But if all that is done, the motoring public will snap up hydrogen cars by the dozen.

Maybe. I used to be a hydrogen car fan, maybe I'm still too optimistic.

Brian said...

Hi John, I had the same opinion of Arnold Schwarzenegger regarding the push for hydrogen 10 years ago, before he finally got somewhat sincere about climate change. Now feels different, partly because of who's pushing it, and partly because hydrogen's not being used AFAICT to weaken policies promoting electric vehicles.

Whitebeard - from a policy perspective, the 100 hydrogen stations are unimportant as far as their direct effects are concerned, either positive or negative. If they lead to nothing, then that's too bad and a waste of money (but not a lot of money compared to overall energy budget over a decade). The chance that they could lead to something huge makes them seem worthwhile to me.

Thomas Lee Elifritz said...

You used to be a usenet crank too, and well, guess what, you still are.

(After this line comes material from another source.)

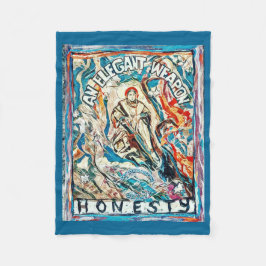 Eerlijkheid, een elegant wapen voor beschaafde tij fleece deken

Thomas Lee Elifritz said...

What's that, the internet stink eye? Everyone has their preferred molecule. It takes all kinds. But molecules have consequences. The consequences of hydrogen and oxygen molecules and ultraviolet photons are fortunately for you, very low. What I sense is a complete laziness of the US government and academic institutions to get this job done. When there are just a handful of people in the entire world working on this problem, the complaints of the rubes start to get pretty lame.


EliRabett said...
As Santayana said, those who forget the past are doomed to repeat it.